BONDI ICEBERGS: BLAH ON THE BEACH
If you were to ask anyone to name a beach, the chances are they would go for Bondi. With the possible exception of Rio, it is the most famous of beaches and synonymous with surf, sea, sand and a bit of how’s your father.
I was not there for any of those things as it is also home to one of the hardest to come by tables in the whole of Australia at Bondi Icebergs restaurant. The Lonely Planet (ever the arbiter of fine dining, ahem!) says “ call way in advance and pray your luck’s in.”
Well, mine was and it actually wasn’t that hard given that I called on Saturday for a lunchtime table on Tuesday.
Being in full “mad dogs and Englishmen” mode, I decided to walk the 10k from Surry Hills to Bondi despite the worried teeth sucking of the good folks at my accommodation who warned me that it was “ a bloody long way”
They were right, but it is also a great walk past Centennial parklands and The Aussie Stadium to Bondi Junction and then on to the beach itself.
After a quick shoeless stroll on the sands to soothe my tootsies and not, I repeat not to perve at the topless hon’s sunning themselves in the late morning rays, I headed for the restaurant
If there is any eatery on the planet with better views, I would like to know about it. Sitting at the top of the hill as you enter Bondi, it has a full view of the beach and the surf in all their glory.

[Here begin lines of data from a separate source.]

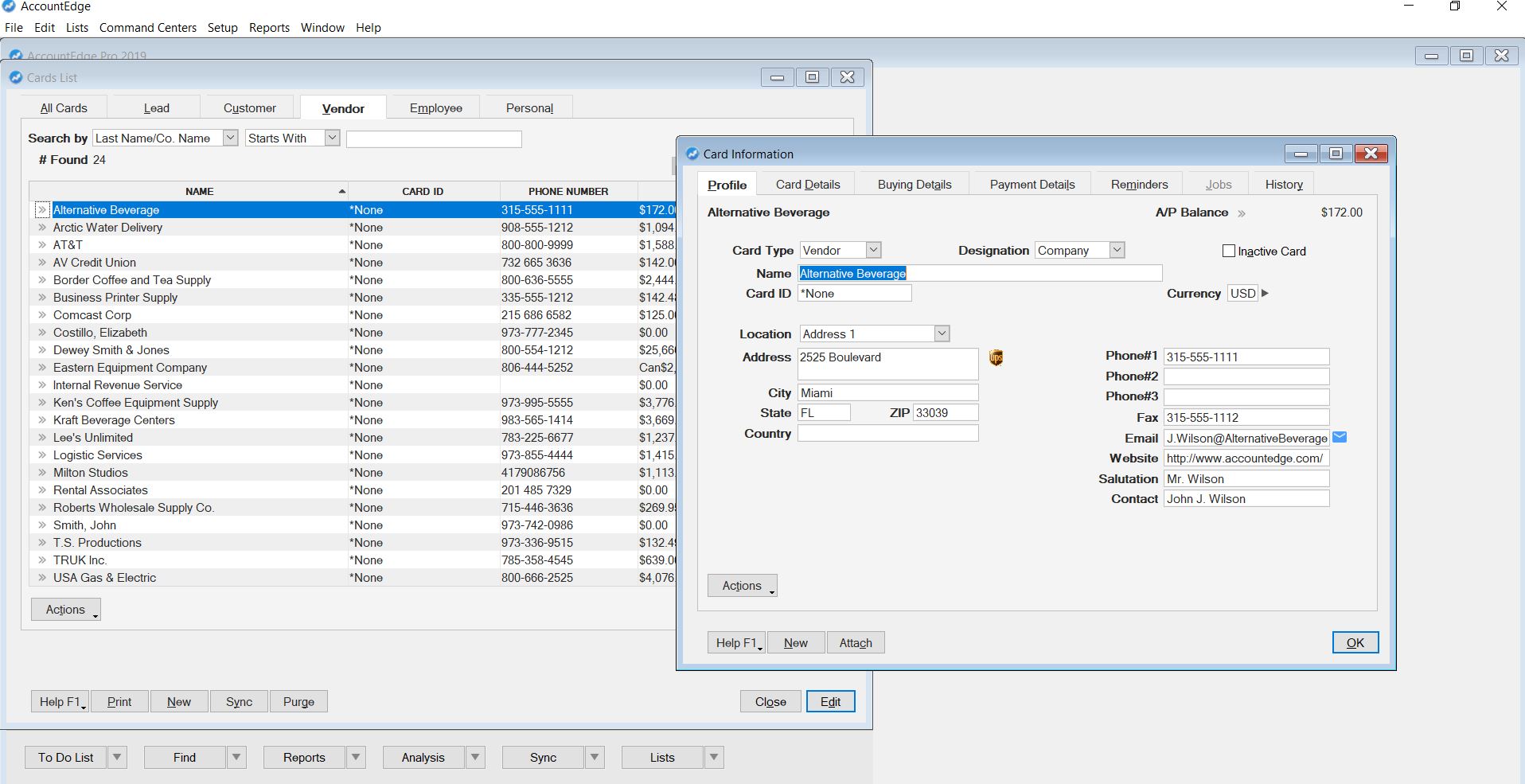 accountedge basic for mac accountedge basic for mac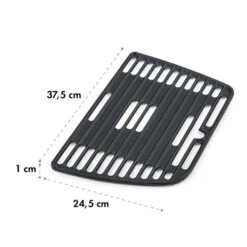 Parforce Grillrost Zubehör Gusseisen Schwarz 9 Parforce Grillrost Zubehör Gusseisen Schwarz -Haushaltsgeräte Förderung 10033300 yy 0004 logo Klarstein Parforce Grillrost Zubehoer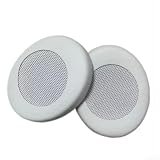 Comodi copriauricolari per HD2.01 colore bianco (bianco)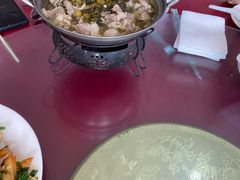 -同福农家菜(霞云岭国家森林公园店)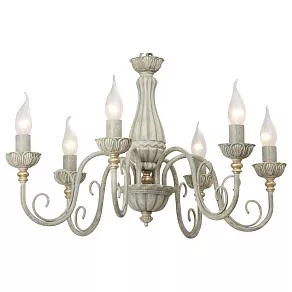 Подвесная люстра Vitaluce V1022 V1022/6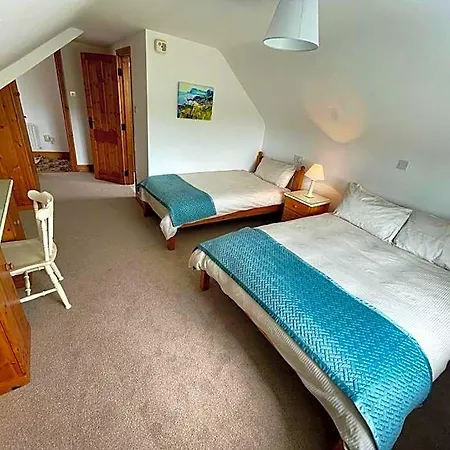 Frühstückspension Cedar Self Catering H91 Cf9d Gort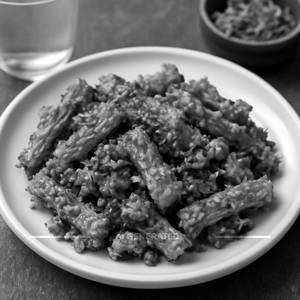 Shevga Fry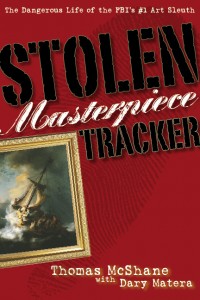 Stolen Masterpiece Tracker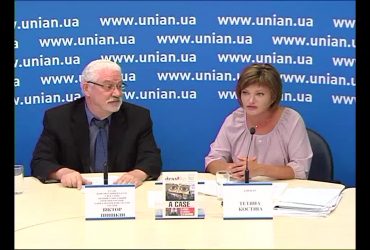 Справа Гонгадзе-Подольського. Складний тест для Президента Зеленського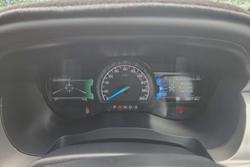 2020 Ford Everest Trend UA II MY20.75 4X4 Dual Range White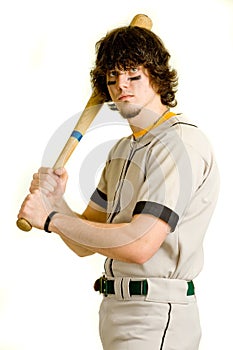 Baseball Player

The bar is a magnet for celebs and wannabees and, even on a quiet Tuesday lunchtime was already full when I arrived. The bar is a hotspot too so I took the opportunity to have a drink before lunch. Not a good idea. The Iceberg Punch was a diabetes inducing mix of juices and enough sugar to form an iceberg of its own. Quite nasty, in fact.
I left most of it and headed for my table which was in a quiet part of the room with great views over the surf.

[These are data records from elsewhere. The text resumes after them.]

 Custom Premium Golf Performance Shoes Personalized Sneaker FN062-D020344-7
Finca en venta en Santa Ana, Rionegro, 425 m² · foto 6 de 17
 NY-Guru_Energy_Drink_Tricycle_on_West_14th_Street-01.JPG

The menu is modern Italian and, as well as the main menu, they offer a range of steaks which, for once, didn’t get the juices going.
Instead, while I tried some nondescript bread, I pondered on the light, seasonal offerings and chose, to begin a dish of blue stone crab cooked in a little oil and chilli served on a soupy plate of soft polenta.
It turned out to be better in the description than the execution with an over enthusiastic use of lemon juice and under use of chilli swamped all the flavour leaving you with nothing more than the grainy ploenta.
Better was a main course of pork chop with a mandalini(?) which involved sautéed yellow peppers, raisins and almonds. The pork was excellent although the concept of cooking to medium seems not to have crossed down under and it was only a touch away from dry. The pepper thing was more interesting than tasty. Very tasty, however was a classic combination of peas, feta and mint that I ordered as a side.
As always, the curse of the solo diner meant that I had to suffer risibly bad wines by the glass and a domestic Riesling and Sangiovese brought little to the party except another $25 on the bill.
With no pudding or coffee and a tip of 15% the bill came to a not insubstantial AU$130 (about £55) which is a lot to pay for decent enough cooking without a shred of flair. Obviously, it is hiked up because of the location but, if that was all that mattered I could have bought a hot pie and sat on a bench by the beach.
I am afraid Icebergs left me stone cold.